Data extracts:
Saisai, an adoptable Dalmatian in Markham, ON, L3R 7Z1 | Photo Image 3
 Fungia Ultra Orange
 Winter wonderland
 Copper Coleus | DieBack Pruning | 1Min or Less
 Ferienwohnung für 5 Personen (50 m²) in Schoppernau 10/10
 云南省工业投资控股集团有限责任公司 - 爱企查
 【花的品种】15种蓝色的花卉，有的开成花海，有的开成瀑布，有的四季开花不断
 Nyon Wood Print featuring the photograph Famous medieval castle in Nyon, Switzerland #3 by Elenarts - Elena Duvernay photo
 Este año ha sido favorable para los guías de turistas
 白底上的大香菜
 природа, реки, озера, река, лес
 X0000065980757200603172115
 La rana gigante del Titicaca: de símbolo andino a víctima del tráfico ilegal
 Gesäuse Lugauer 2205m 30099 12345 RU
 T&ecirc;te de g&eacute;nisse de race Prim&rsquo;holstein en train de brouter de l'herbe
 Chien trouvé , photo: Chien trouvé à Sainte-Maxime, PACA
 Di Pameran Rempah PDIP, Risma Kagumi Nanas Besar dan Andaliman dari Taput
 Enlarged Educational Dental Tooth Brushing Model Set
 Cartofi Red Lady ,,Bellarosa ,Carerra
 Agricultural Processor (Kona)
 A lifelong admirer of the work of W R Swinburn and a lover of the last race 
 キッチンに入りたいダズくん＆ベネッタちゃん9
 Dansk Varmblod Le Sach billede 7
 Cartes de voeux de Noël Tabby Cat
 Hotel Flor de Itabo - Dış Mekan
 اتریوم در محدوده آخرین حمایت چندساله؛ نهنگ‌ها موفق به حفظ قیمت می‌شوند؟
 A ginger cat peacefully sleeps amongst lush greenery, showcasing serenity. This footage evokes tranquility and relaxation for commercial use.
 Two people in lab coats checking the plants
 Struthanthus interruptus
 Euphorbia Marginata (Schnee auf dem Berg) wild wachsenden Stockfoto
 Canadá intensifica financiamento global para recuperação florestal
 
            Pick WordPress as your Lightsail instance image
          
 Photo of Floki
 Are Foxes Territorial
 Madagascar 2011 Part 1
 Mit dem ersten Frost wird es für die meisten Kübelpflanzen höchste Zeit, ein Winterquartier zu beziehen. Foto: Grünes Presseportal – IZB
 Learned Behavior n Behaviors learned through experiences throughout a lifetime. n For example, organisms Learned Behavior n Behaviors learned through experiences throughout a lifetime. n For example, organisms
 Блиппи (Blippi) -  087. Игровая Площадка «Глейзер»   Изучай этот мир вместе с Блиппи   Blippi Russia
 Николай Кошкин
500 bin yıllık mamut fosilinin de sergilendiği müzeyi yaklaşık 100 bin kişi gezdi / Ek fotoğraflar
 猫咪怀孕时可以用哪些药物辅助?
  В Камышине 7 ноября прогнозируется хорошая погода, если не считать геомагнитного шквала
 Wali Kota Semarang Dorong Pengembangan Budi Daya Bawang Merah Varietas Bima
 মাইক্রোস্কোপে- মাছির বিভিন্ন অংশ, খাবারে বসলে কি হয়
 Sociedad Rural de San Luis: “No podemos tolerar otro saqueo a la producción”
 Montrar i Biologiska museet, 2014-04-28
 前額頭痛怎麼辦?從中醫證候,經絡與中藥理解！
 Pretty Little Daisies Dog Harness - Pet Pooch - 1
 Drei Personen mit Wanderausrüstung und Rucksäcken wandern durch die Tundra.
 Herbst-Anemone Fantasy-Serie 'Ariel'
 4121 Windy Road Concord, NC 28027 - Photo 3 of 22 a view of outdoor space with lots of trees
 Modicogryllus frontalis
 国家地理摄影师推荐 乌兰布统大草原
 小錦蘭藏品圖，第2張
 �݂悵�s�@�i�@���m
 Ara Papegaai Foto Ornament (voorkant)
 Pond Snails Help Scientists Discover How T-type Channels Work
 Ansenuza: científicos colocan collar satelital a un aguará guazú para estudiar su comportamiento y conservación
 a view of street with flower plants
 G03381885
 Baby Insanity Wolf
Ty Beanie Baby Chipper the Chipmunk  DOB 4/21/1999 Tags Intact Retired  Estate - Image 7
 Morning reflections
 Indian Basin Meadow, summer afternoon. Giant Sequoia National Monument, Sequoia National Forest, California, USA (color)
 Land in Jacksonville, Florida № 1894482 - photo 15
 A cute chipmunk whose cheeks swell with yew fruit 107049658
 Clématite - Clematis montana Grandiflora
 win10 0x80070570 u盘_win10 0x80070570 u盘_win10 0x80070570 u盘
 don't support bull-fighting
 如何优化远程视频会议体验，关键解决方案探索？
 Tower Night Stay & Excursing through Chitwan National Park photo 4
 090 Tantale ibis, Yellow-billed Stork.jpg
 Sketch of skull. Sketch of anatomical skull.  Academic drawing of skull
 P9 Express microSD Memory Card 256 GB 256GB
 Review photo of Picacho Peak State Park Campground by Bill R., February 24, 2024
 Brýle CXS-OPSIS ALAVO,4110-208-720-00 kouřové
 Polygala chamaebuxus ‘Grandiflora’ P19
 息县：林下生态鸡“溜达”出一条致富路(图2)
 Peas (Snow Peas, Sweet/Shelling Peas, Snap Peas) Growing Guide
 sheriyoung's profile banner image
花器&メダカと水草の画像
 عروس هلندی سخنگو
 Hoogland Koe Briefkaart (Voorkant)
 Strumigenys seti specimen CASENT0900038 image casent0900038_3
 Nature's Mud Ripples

Task goal: Would you output the entire listing exactly as written?

Solution for this exercise:
Saisai, an adoptable Dalmatian in Markham, ON, L3R 7Z1 | Photo Image 3
 Fungia Ultra Orange
 Winter wonderland
 Copper Coleus | DieBack Pruning | 1Min or Less
 Ferienwohnung für 5 Personen (50 m²) in Schoppernau 10/10
 云南省工业投资控股集团有限责任公司 - 爱企查
 【花的品种】15种蓝色的花卉，有的开成花海，有的开成瀑布，有的四季开花不断
 Nyon Wood Print featuring the photograph Famous medieval castle in Nyon, Switzerland #3 by Elenarts - Elena Duvernay photo
 Este año ha sido favorable para los guías de turistas
 白底上的大香菜
 природа, реки, озера, река, лес
 X0000065980757200603172115
 La rana gigante del Titicaca: de símbolo andino a víctima del tráfico ilegal
 Gesäuse Lugauer 2205m 30099 12345 RU
 T&ecirc;te de g&eacute;nisse de race Prim&rsquo;holstein en train de brouter de l'herbe
 Chien trouvé , photo: Chien trouvé à Sainte-Maxime, PACA
 Di Pameran Rempah PDIP, Risma Kagumi Nanas Besar dan Andaliman dari Taput
 Enlarged Educational Dental Tooth Brushing Model Set
 Cartofi Red Lady ,,Bellarosa ,Carerra
 Agricultural Processor (Kona)
 A lifelong admirer of the work of W R Swinburn and a lover of the last race 
 キッチンに入りたいダズくん＆ベネッタちゃん9
 Dansk Varmblod Le Sach billede 7
 Cartes de voeux de Noël Tabby Cat
 Hotel Flor de Itabo - Dış Mekan
 اتریوم در محدوده آخرین حمایت چندساله؛ نهنگ‌ها موفق به حفظ قیمت می‌شوند؟
 A ginger cat peacefully sleeps amongst lush greenery, showcasing serenity. This footage evokes tranquility and relaxation for commercial use.
 Two people in lab coats checking the plants
 Struthanthus interruptus
 Euphorbia Marginata (Schnee auf dem Berg) wild wachsenden Stockfoto
 Canadá intensifica financiamento global para recuperação florestal
 
            Pick WordPress as your Lightsail instance image
          
 Photo of Floki
 Are Foxes Territorial
 Madagascar 2011 Part 1
 Mit dem ersten Frost wird es für die meisten Kübelpflanzen höchste Zeit, ein Winterquartier zu beziehen. Foto: Grünes Presseportal – IZB
 Learned Behavior n Behaviors learned through experiences throughout a lifetime. n For example, organisms Learned Behavior n Behaviors learned through experiences throughout a lifetime. n For example, organisms
 Блиппи (Blippi) -  087. Игровая Площадка «Глейзер»   Изучай этот мир вместе с Блиппи   Blippi Russia
 Николай Кошкин
500 bin yıllık mamut fosilinin de sergilendiği müzeyi yaklaşık 100 bin kişi gezdi / Ek fotoğraflar
 猫咪怀孕时可以用哪些药物辅助?
  В Камышине 7 ноября прогнозируется хорошая погода, если не считать геомагнитного шквала
 Wali Kota Semarang Dorong Pengembangan Budi Daya Bawang Merah Varietas Bima
 মাইক্রোস্কোপে- মাছির বিভিন্ন অংশ, খাবারে বসলে কি হয়
 Sociedad Rural de San Luis: “No podemos tolerar otro saqueo a la producción”
 Montrar i Biologiska museet, 2014-04-28
 前額頭痛怎麼辦?從中醫證候,經絡與中藥理解！
 Pretty Little Daisies Dog Harness - Pet Pooch - 1
 Drei Personen mit Wanderausrüstung und Rucksäcken wandern durch die Tundra.
 Herbst-Anemone Fantasy-Serie 'Ariel'
 4121 Windy Road Concord, NC 28027 - Photo 3 of 22 a view of outdoor space with lots of trees
 Modicogryllus frontalis
 国家地理摄影师推荐 乌兰布统大草原
 小錦蘭藏品圖，第2張
 �݂悵�s�@�i�@���m
 Ara Papegaai Foto Ornament (voorkant)
 Pond Snails Help Scientists Discover How T-type Channels Work
 Ansenuza: científicos colocan collar satelital a un aguará guazú para estudiar su comportamiento y conservación
 a view of street with flower plants
 G03381885
 Baby Insanity Wolf
Ty Beanie Baby Chipper the Chipmunk  DOB 4/21/1999 Tags Intact Retired  Estate - Image 7
 Morning reflections
 Indian Basin Meadow, summer afternoon. Giant Sequoia National Monument, Sequoia National Forest, California, USA (color)
 Land in Jacksonville, Florida № 1894482 - photo 15
 A cute chipmunk whose cheeks swell with yew fruit 107049658
 Clématite - Clematis montana Grandiflora
 win10 0x80070570 u盘_win10 0x80070570 u盘_win10 0x80070570 u盘
 don't support bull-fighting
 如何优化远程视频会议体验，关键解决方案探索？
 Tower Night Stay & Excursing through Chitwan National Park photo 4
 090 Tantale ibis, Yellow-billed Stork.jpg
 Sketch of skull. Sketch of anatomical skull.  Academic drawing of skull
 P9 Express microSD Memory Card 256 GB 256GB
 Review photo of Picacho Peak State Park Campground by Bill R., February 24, 2024
 Brýle CXS-OPSIS ALAVO,4110-208-720-00 kouřové
 Polygala chamaebuxus ‘Grandiflora’ P19
 息县：林下生态鸡“溜达”出一条致富路(图2)
 Peas (Snow Peas, Sweet/Shelling Peas, Snap Peas) Growing Guide
 sheriyoung's profile banner image
花器&メダカと水草の画像
 عروس هلندی سخنگو
 Hoogland Koe Briefkaart (Voorkant)
 Strumigenys seti specimen CASENT0900038 image casent0900038_3
 Nature's Mud Ripples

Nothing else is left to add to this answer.